Es widerspreche sich, in die Suizid-Prävention zu investieren, im Gegenzug aber die Suizid-Beihilfe straffrei stellen zu wollen, so die Bioethikerin, die dagegen für eine "neue Sterbekultur" plädierte. Der Hospiz- und Palliativbereich müsse weiter ausgebaut werden. Dabei dürfe Geld keine Rolle spielen: "Wer Geld für Wahlplakate und Autobahnen hat, muss sie auch für den Gesundheitsbereich haben. Das ist eine politische Entscheidung."
Am 12. Februar hatte die österreichische Bioethikkommission ihr Votum zum Thema Sterbehilfe abgegeben. Dabei zeigten sich abermals die beiden großen "Lager", die bei den Debatten immer wieder zu Tage treten: 16 der 25 Mitglieder befürworteten demnach eine Lockerung des strafrechtlichen Verbots der Mitwirkung am Suizid, während acht Mitglieder eine derartige Neuregelung als problematisch bezeichneten. Der Abschlussbericht, der insgesamt vier unterschiedliche Voten abbildet, soll möglichen Regierungsmaßnahmen eine Linie vorgeben.
Das Mehrheitsvotum spricht sich für Straflosigkeit für Angehörige und nahestehende Personen aus, die "einer an unheilbarer, zum Tode führenden Erkrankung mit begrenzter Lebenserwartung leidenden Person beim Suizid Hilfe leisten, sofern die Beweggründe - Loyalität oder Mitleid - verständlich seien. Der diese Handlung bisher betreffende Paragraph 78 im Strafgesetzbuch (StGB) sollte demnach gelockert werden.

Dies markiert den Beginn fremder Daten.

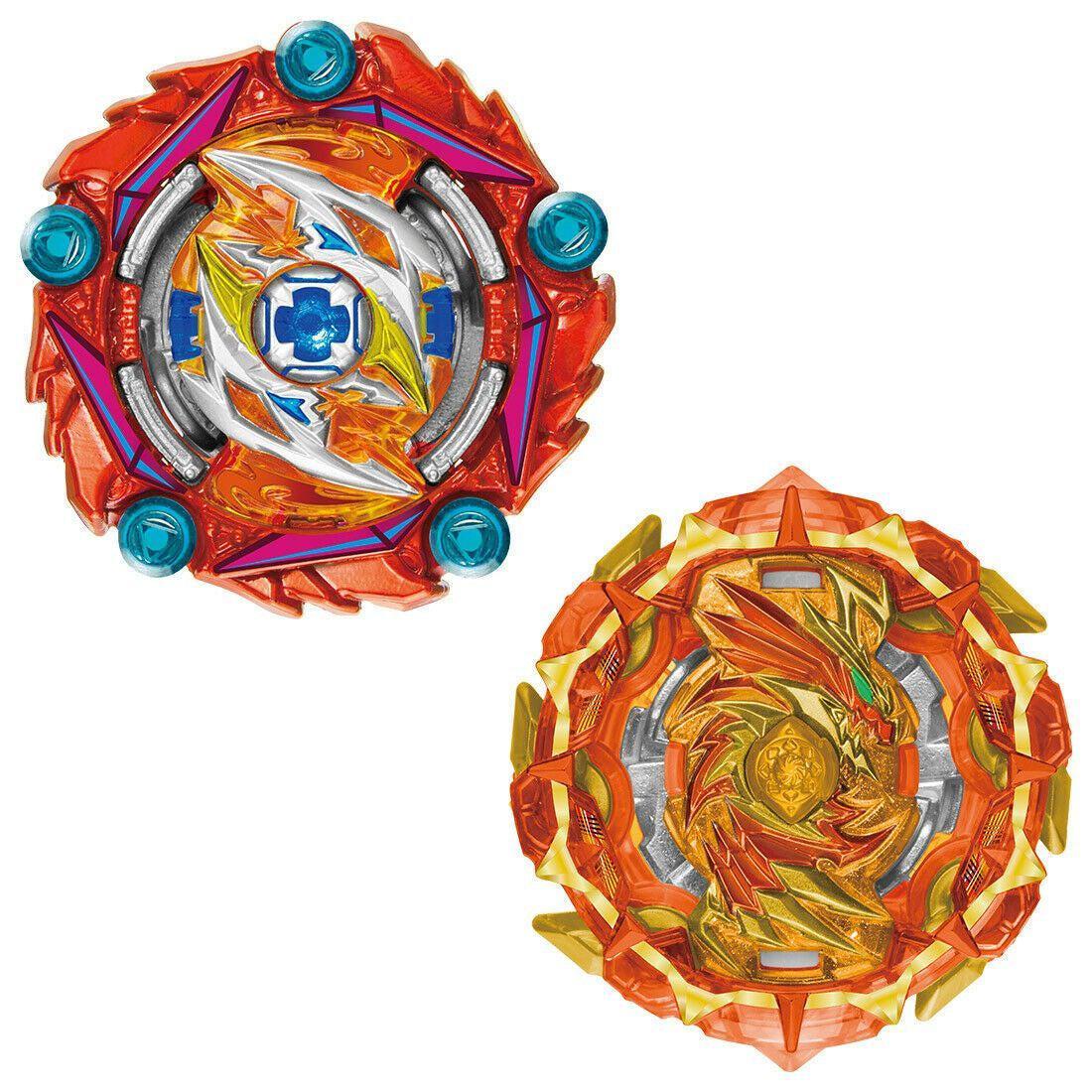 TakaraTomy B-164 SuperKing Beyblade Burst Sparking Random Vol. 20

Abweichend davon erklärten acht Kommissionsmitglieder, dass schon die derzeitige Rechtsordnung bei der Frage, ob in einem konkreten Fall rechtswidriges Verhaltens vorgelegen sei, den Einzelfall prüfe und Gewissensnot angemessen berücksichtige statt Pauschalurteile zu fällen, wie Befürworter argumentierten. Eine Abänderung des StGB-Paragraphen 78 würde ein völlig falsches Signal an die Gesellschaft richten und könnte dazu beitragen, dass assistierter Suizid zum Normalfall werde, so die Vertreter dieses Votums.